This summer, people find Cleveland synonymous with two national spotlights: the Cavaliers’ NBA title and the Republican National Convention. The quieter, simpler attractions in Northeast Ohio are often overlooked by the teams and museums that make The Land famous (or infamous); however, there are scores of natural exhibits that, in my mind, Trump the city’s headline-earning events.
(Feel free to pretend that I didn’t even
attempt to make Trump’s name into a pun.)
Just outside the city in Kirtland, Ohio, a hidden treat (or, should I say,
treet) rests beneath the treetops on more than 3,500 acres of land. This nature conservatory is known as the Holden Arboretum, named after Albert Fairchild Holden who funded the project as a memorial for his daughter.
As the thirteenth-largest public garden in the United States, the Holden Arboretum is home to over 20 miles of hiking trails in addition to its two more popular attractions: the Judith and Maynard H. Murch IV Canopy Walk and the Kalberer Family Emergent Tower.

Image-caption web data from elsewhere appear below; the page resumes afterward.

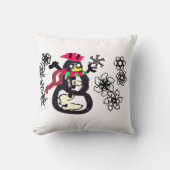Snowman winter クッション (正面)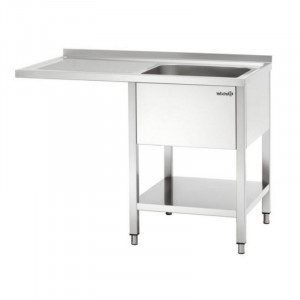 Iegrāvējama veļas mazgātava 700 mm - Nokrišņu tvertne pa kreisi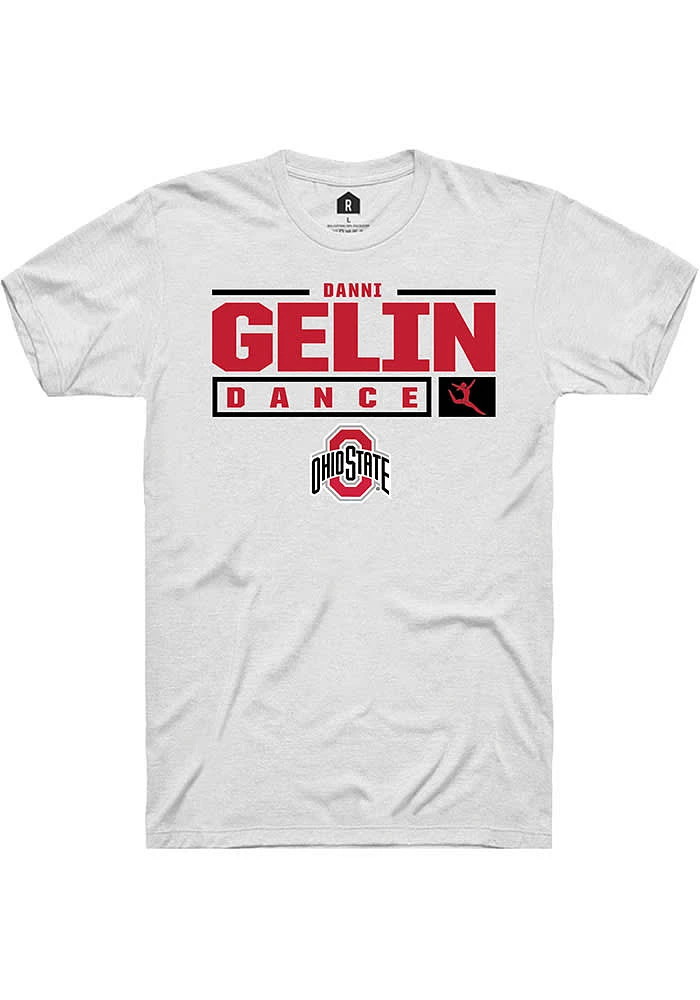 Danni Gelin Ohio State Buckeyes Rally NIL Stacked Box Short Sleeve T Shirt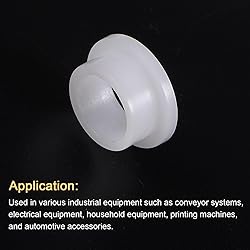 uxcell 12pcs Flanged Sleeve Bearings Plastic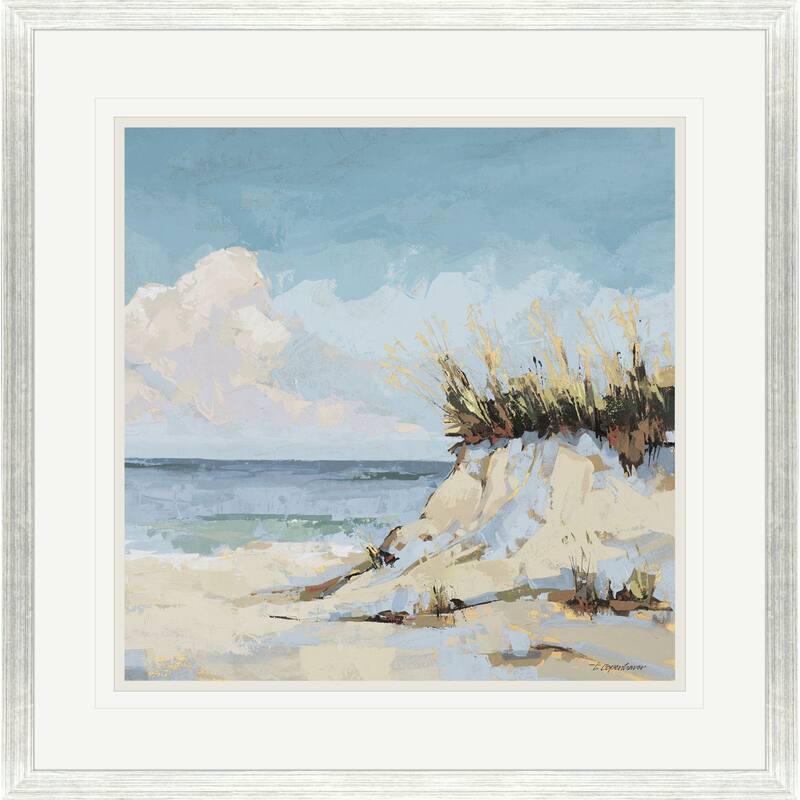 Paragon Cloudy Beach II Framed Art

The lifeguard gods managed to grace both Emma and I with a day off on one of the hottest days of the summer, so we opted to spend it beneath the shade of more than 120,000 different trees and other vegetation that cover this 3,600 acre plot of land.
The Holden Arboretum charges visitors for entrance into the conservatory: $6 for children ages 6-18, and $14 for everyone over the age of 18. I checked their website before we left and discovered that they do offer a student discount with a valid college ID, though I was still feeling a twinge of jealousy as I handed over my $13 while Emma only paid $5– getting old can be a bummer. However, the moment we set foot on the trails, I knew that this minor expense would soon be forgotten as we took in the natural wonders that our fees work to maintain.
Our first trail took us to the 500-foot long Judith and Maynard H. Murch IV Canopy Walk that is constructed from four suspension bridges and viewing platforms. The ramp that took us from the ground to the treetops started to trigger our mutual fear of heights, but the views were nothing compared to the Canopy Walk itself.
At 65 feet above the ground, the holes in the Canopy Walk’s floor allowed us to peer down through the leafy branches at the habitats below. The bridge’s gentle sway in the breeze made me feel like I was on an enormous hammock, but I was grateful for the security the fenced-in railings provided.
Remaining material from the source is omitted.